Das ändert aber nichts daran, dass sich der Kreml bei seinem Staatshaushalt kräftig verkalkuliert haben dürfte. Denn er setzt für dieses Jahr einen Urals-Preis von 70 Dollar an - das ist weit mehr, als heute gezahlt wird und liegt deutlich über dem G7-Preisdeckel.
Defizit wird größer
Die Probleme zeigten sich schon im Dezember, als Russlands Haushaltsdefizit sich kräftig ausgeweitet hatte. Das lag vor allem daran, dass die Einnahmen aus den Energie-Exporten schrumpften und die Ausgaben für den Krieg in der Ukraine stiegen. Nach Berechnungen der Finanznachrichtenagentur Bloomberg lag das Defizit im vergangenen Monat bei umgerechnet 56 Milliarden Dollar.
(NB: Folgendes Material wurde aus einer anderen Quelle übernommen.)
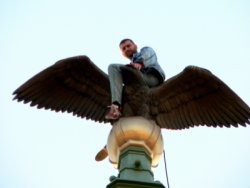 A magyar film Délvidéki hete 2011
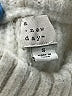 Unbranded Gray Turtleneck Sweater Size S - photo 8
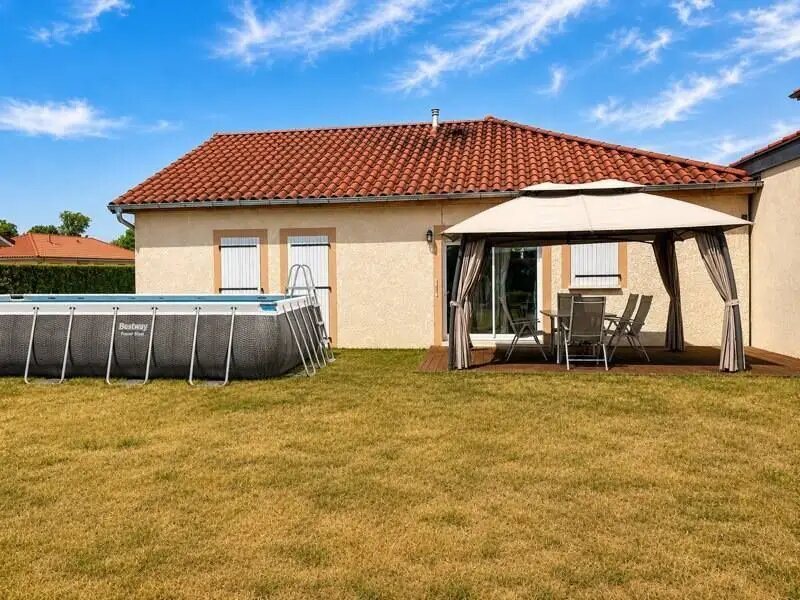 Maison à vendre, 100m², La Balme-les-Grottes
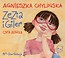 Zezia i Giler audiobook CD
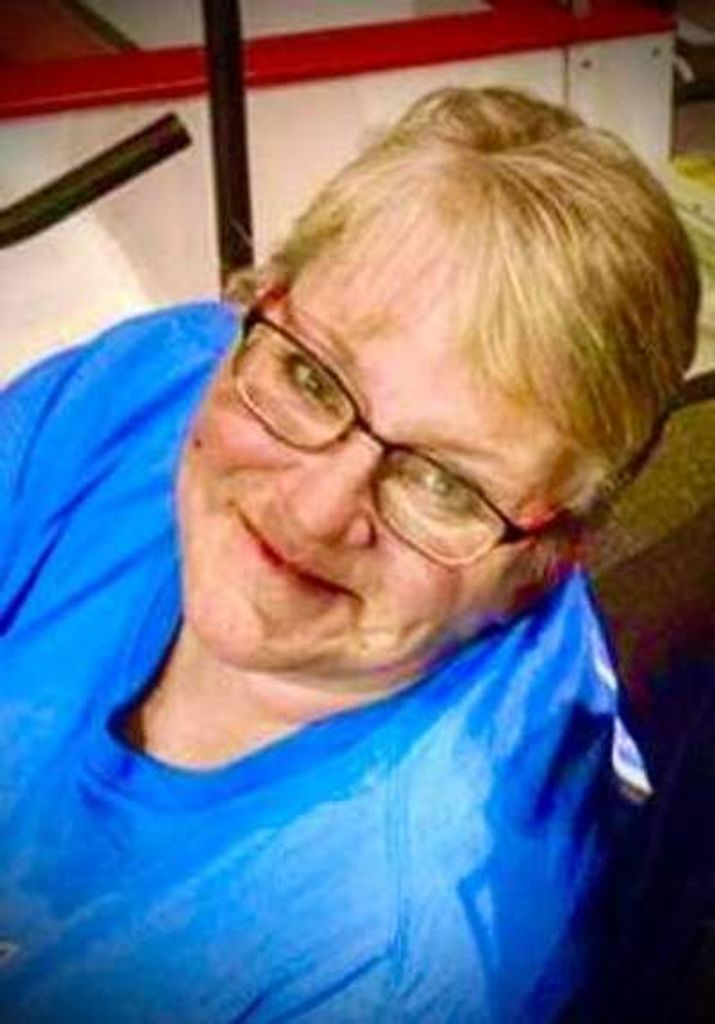 Andrea L. Fetterman Profile Photo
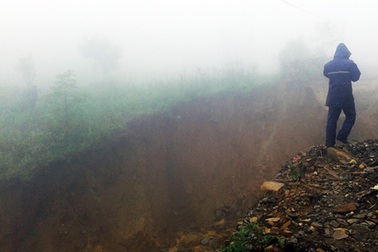 Thêm 1 người thiệt mạng do mưa lũ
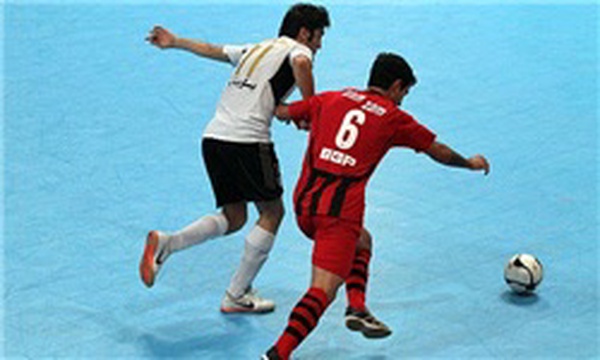 فوتسال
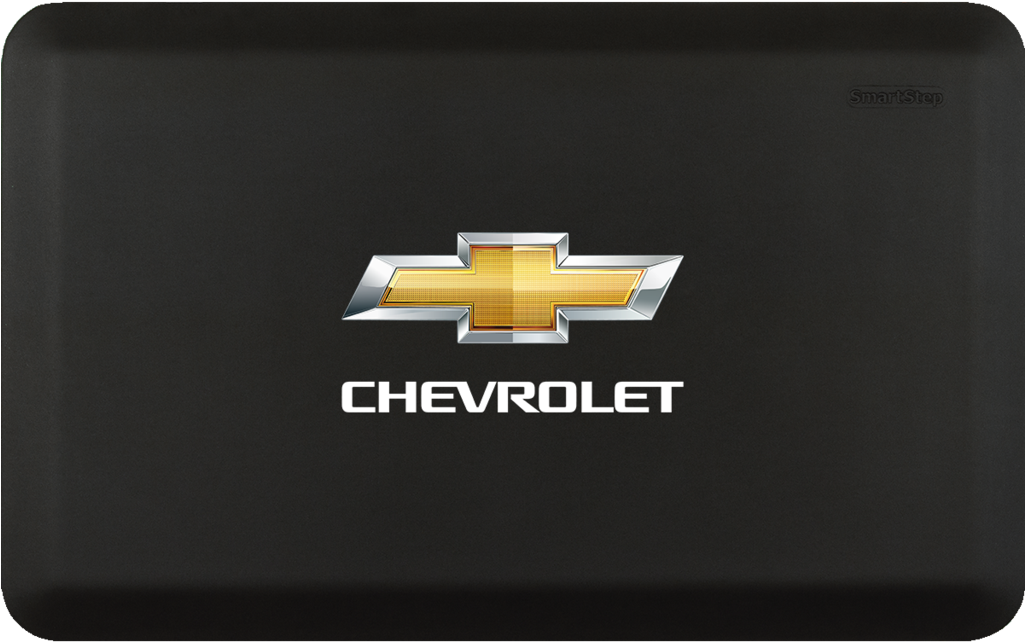 4 - Zippo Chevy Satin Chrome Windproof Lighter (1024x1024), Png Download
Das seien mehr als die in den elf vorherigen Monaten angesammelten Überschüsse, die angesichts der zeitweilig sehr hohen Öl- und Gaspreise angehäuft wurden.
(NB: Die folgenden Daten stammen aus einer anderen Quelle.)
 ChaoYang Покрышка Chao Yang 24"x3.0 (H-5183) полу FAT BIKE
Dem russischen Finanzminister Anton Siluanow zufolge summiert sich das Defizit für das vergangene Jahr auf umgerechnet rund 47 Milliarden Dollar. Das sind etwa 2,3 Prozent des Bruttoinlandsproduktes. Vor Beginn des Krieges hatte die Regierung einen Überschuss angekündigt. Noch im vergangenen September hatte Putin versprochen, dass Russland einen Überschuss von fast 7 Milliarden Dollar erwirtschaften wird.
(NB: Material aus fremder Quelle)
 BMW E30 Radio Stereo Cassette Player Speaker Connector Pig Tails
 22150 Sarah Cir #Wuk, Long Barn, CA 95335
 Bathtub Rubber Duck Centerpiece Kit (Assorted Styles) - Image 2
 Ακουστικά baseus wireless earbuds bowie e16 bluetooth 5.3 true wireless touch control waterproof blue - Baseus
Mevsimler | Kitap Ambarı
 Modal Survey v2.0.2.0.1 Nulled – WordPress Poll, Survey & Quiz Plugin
Doch daraus wurde nichts. In den vergangenen Monaten war die Regierung gezwungen, den - noch gut gefüllten - Staatsfonds anzuzapfen. Bisher hat sich die russische Wirtschaft trotz der westlichen Sanktionen gut behauptet. Der Internationale Währungsfonds rechnet damit, dass das Bruttoinlandsprodukt im vergangenen Jahr um 3,4 Prozent gesunken ist und in diesem Jahr um noch einmal um 2,3 Prozent schrumpft. Die russische Zentralbank warnte derweil davor, dass Sanktionen und Krieg Russlands Wirtschaft stärker treffen können als bisher erwartet.